Parenting is not such a big problem if you mean by this word the following: help the child learn to live and play with others, carefully explore new things, deal with his feelings, develop one’s interests. It’s not easy at all. There is no magic “right way”: the way in which you discipline or raise your child depends on all the characteristics that distinguish your family from others. Discipline is not about making your child do what you want. You cannot force a toddler to be “good”. For this reason, we have prepared this small guide on raising your kids based on the UNICEF recommendations.
7 Expert Tips on Raising Your Kid
Children are most rebellious when their parents are constantly busy with their own affairs, are very stressed, or are going through difficult times. Therefore, it is important to remember that children usually repeat the behavior of their parents. Being aware of this responsibility, pay attention to how you behave, as children absorb everything like a “sponge”. The following tips will help you navigate parenting issues:
Praise more instead of punishment
Toddlers love to be praised because they love to please. They really want to be noticed. If you reward their behavior that you like, the child will try even harder to please you. Hugs, smiles, parental interest in what they are doing is the best reward and motivation for a child.

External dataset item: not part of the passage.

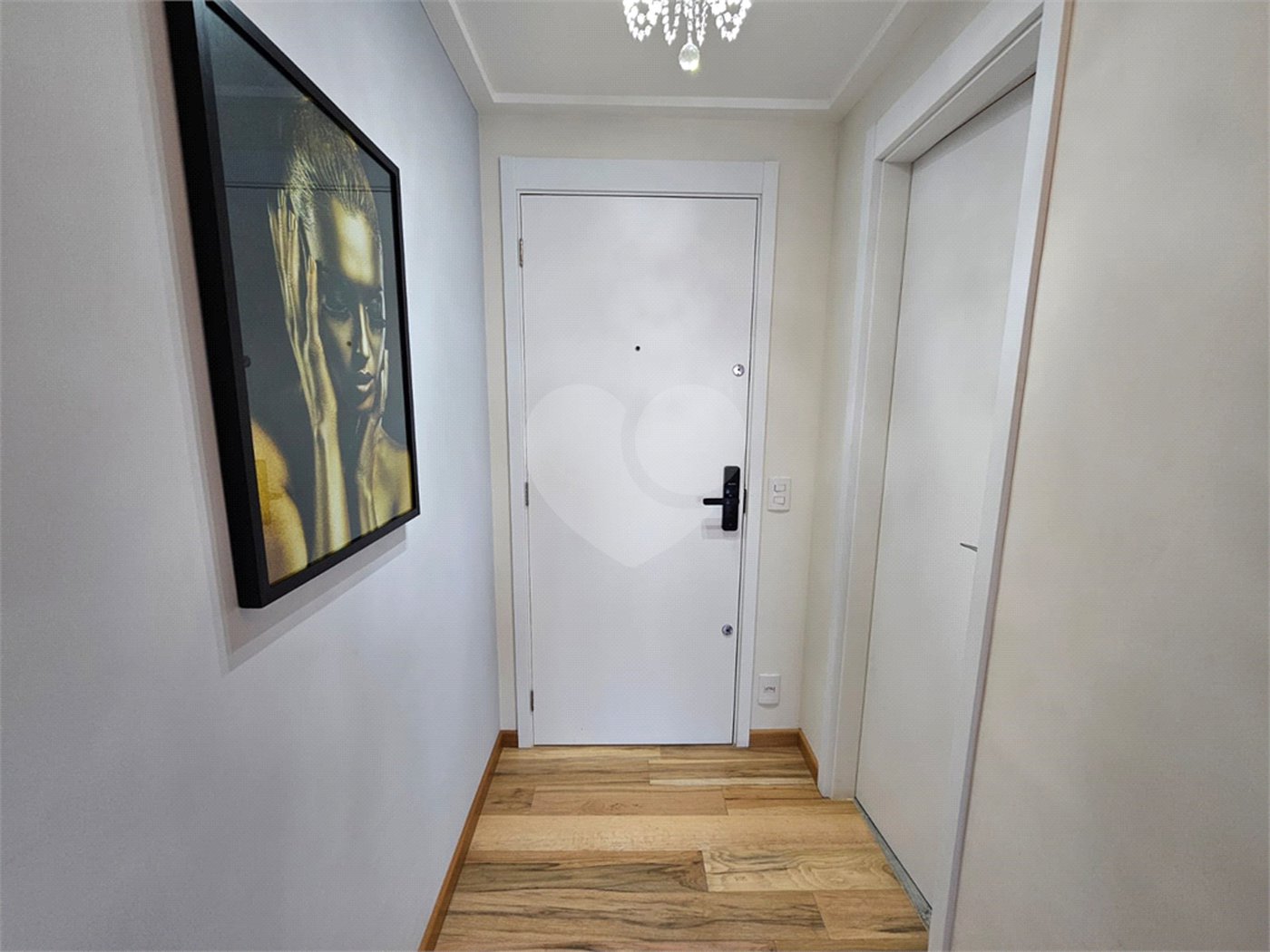 Apartamento à venda com 3 quartos, sendo 1 suíte, em Chácara Santo Antônio, São Paulo, SP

Be reasonable in your expectations
Energetic, very mobile babies simply do not perceive such words as “be careful”, “wait”, etc. Give them time to comprehend what you are saying, show by your example how to do this, and consolidate the new knowledge by jointly making the necessary behavior with the child and so you will help the child learn how to act.
Use the word “no” when you really need it
Your child needs you to set clear boundaries for acceptable behavior. If they get away with everything, they will be in great confusion; but you have to decide what is really important. Your child will learn the rules faster if there are not many of them.
Learn to negotiate with your child
You cannot force your baby to eat, sleep and go to the toilet exactly when you want it. You will not achieve obedience by causing more and more conflicts. Understanding how the necessary behaviors are formed in children and the ability to negotiate with the child in advance will help you minimize conflicts and improve your relationships.
Distract the child or try your own tricks to get the child’s attention
It’s usually easy to shift your baby’s attention from something you don’t like to something more enjoyable. Distraction doesn’t mean you “give up,” but it can create miracles. If your child is playing with the buttons on the laptop, give him/her an old one to play with, or whenever you are working on it, ask your child to turn it on. If your daughter wants to play with your cosmetic bag, give her different jars and boxes and put them in another bag.
Be persistent about what’s important
Threats won’t get you the results you want. Toddlers quickly learn to ignore the constant stream of phrases like: “If you don’t stop touching the laptop, I will punish you,” which essentially means nothing. Therefore, it is important to learn how to explain, show by example and negotiate, as well as be consistent and persistent in your decisions.
Teach the values not the rules
According to statistics, parents correct their child’s behavior every 6-9 minutes! However, it is better to teach children values than to set rules for them. When communicating with a child, it is useful to imagine that there is a future Mozart or Einstein in front of you. Will you yell at Einstein and humiliate Mozart? Or will you help your child to reveal his/her abilities? You need to believe in your child, even if it seems to you that nothing works and that other children are much more talented.
Every kid deserves to have a happy childhood. With the right approach, every parent can contribute to it. So, keep trying and enjoy this time with your kid.